In this exercise, print only the lines of the records below from the one with "Amur carp swim" through the one with "кошачье проявление любви (9)", inclusive. Pictures are not part of the copy.

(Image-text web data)
------------------------------

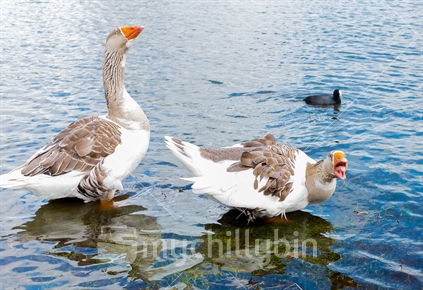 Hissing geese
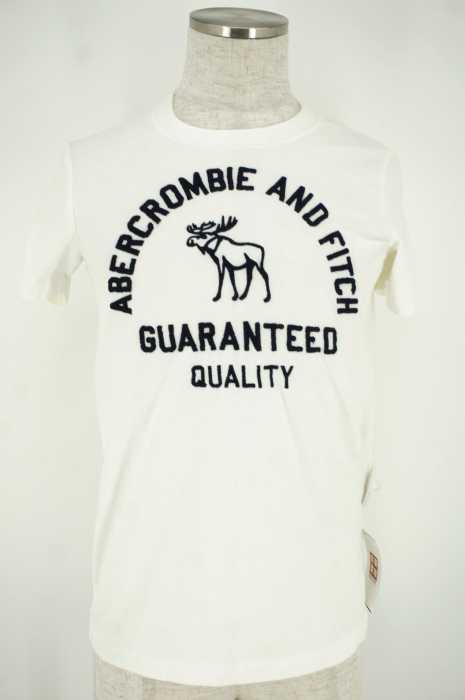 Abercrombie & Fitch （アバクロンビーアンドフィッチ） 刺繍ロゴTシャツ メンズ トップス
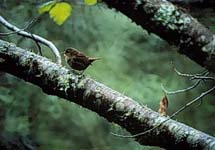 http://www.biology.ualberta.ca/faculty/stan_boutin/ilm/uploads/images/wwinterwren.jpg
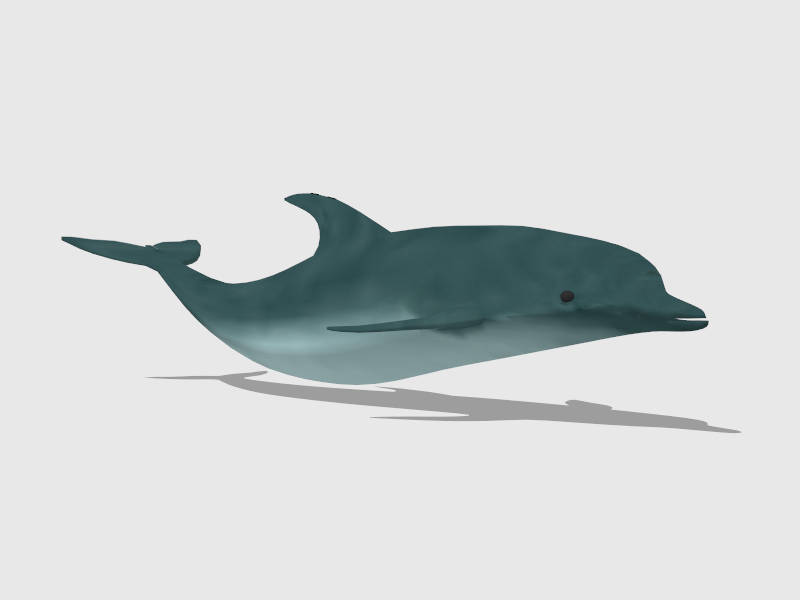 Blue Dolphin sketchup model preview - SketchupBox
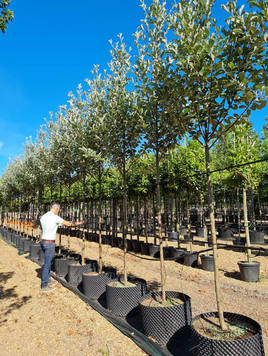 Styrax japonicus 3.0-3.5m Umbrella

------------------------------

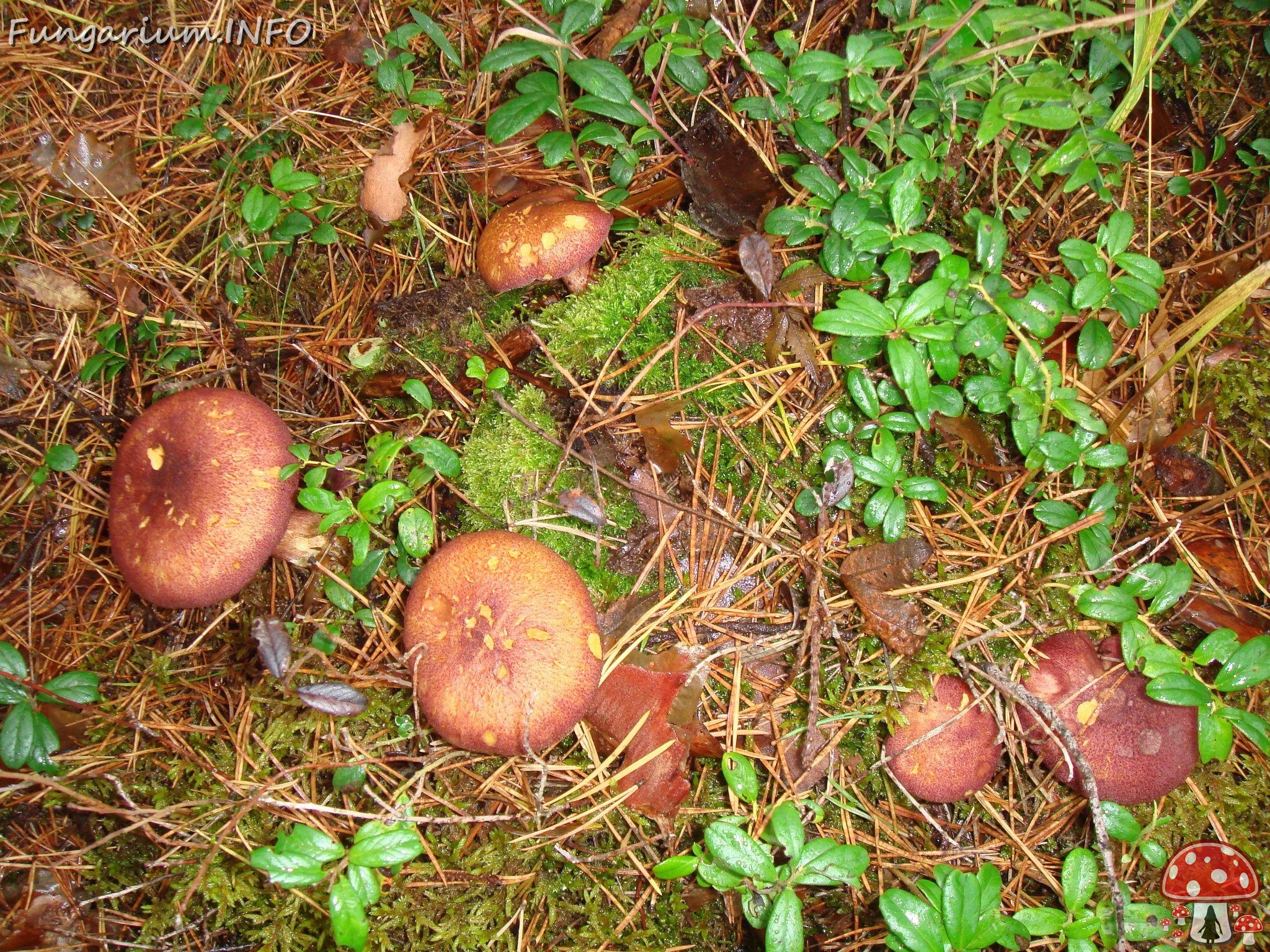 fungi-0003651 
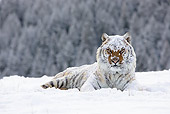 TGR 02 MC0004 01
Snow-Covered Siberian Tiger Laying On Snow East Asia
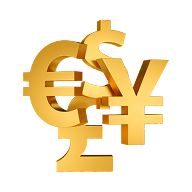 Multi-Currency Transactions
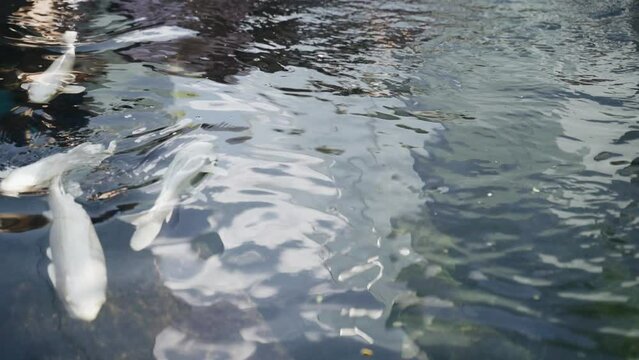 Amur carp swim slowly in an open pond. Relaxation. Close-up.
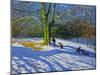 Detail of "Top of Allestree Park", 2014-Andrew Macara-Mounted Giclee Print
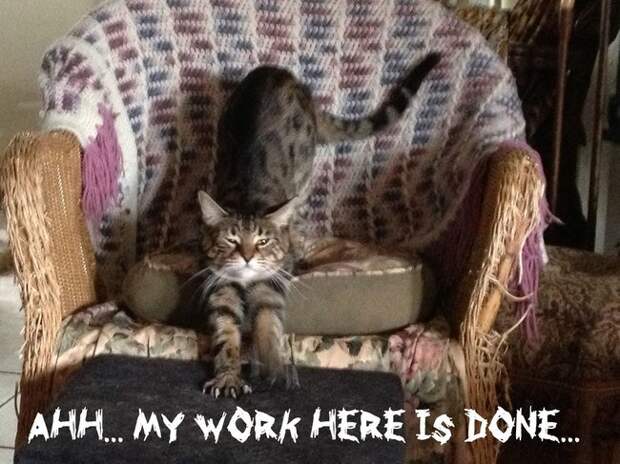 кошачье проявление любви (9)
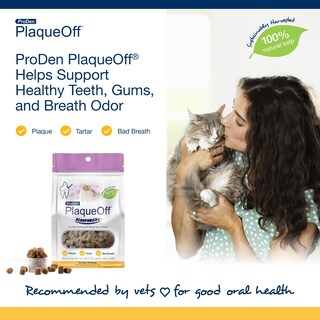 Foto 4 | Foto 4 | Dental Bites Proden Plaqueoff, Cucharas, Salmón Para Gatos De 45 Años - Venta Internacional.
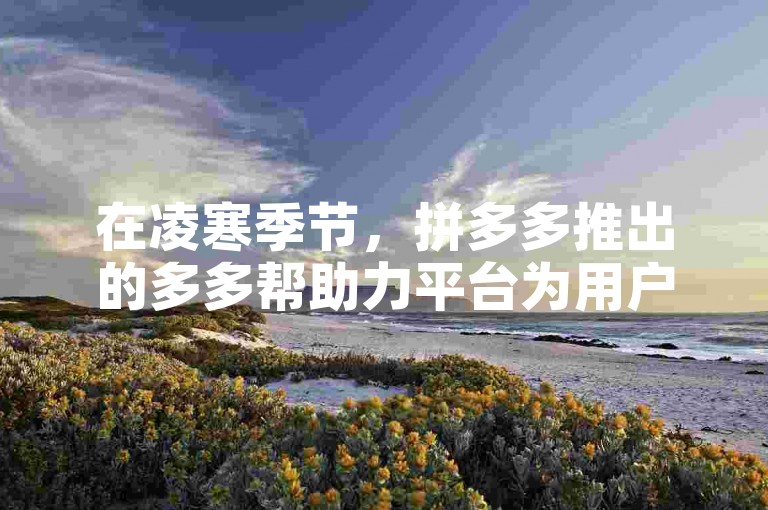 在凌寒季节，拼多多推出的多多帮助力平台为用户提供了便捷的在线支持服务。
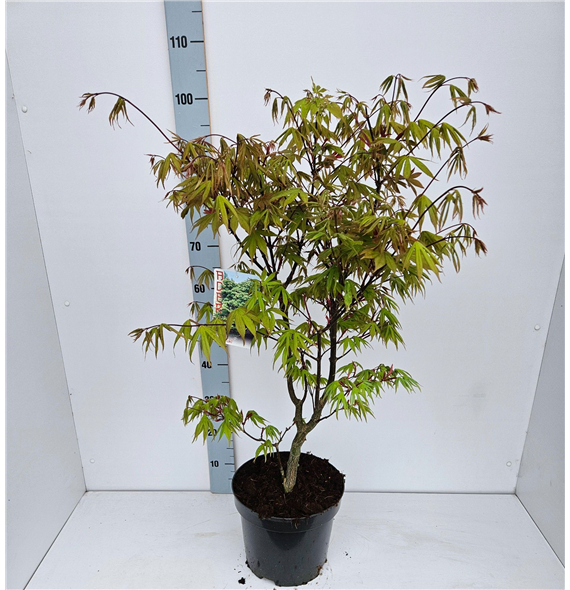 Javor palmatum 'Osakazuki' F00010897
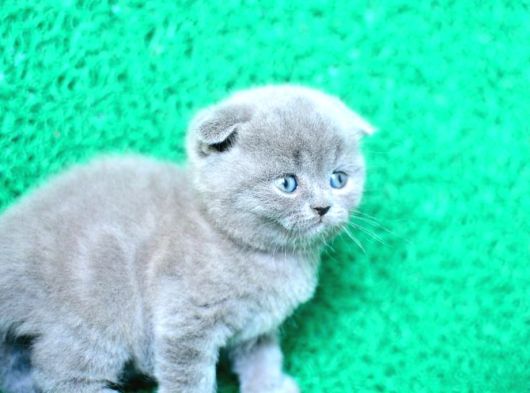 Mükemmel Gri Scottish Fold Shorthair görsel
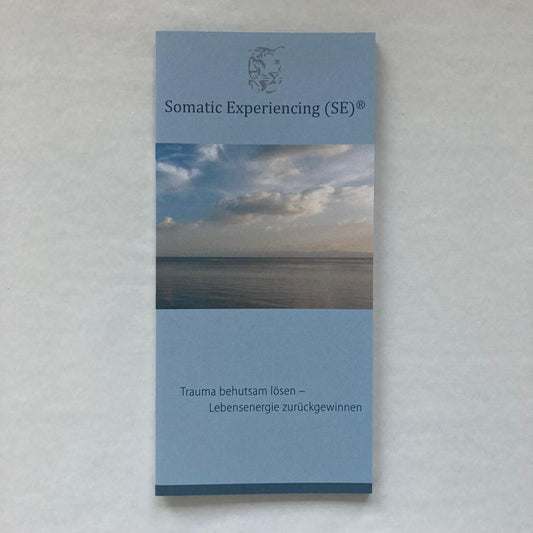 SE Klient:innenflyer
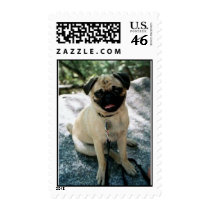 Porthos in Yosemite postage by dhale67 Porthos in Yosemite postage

------------------------------

**Output below**
 Amur carp swim slowly in an open pond. Relaxation. Close-up.
 Detail of "Top of Allestree Park", 2014-Andrew Macara-Mounted Giclee Print
 кошачье проявление любви (9)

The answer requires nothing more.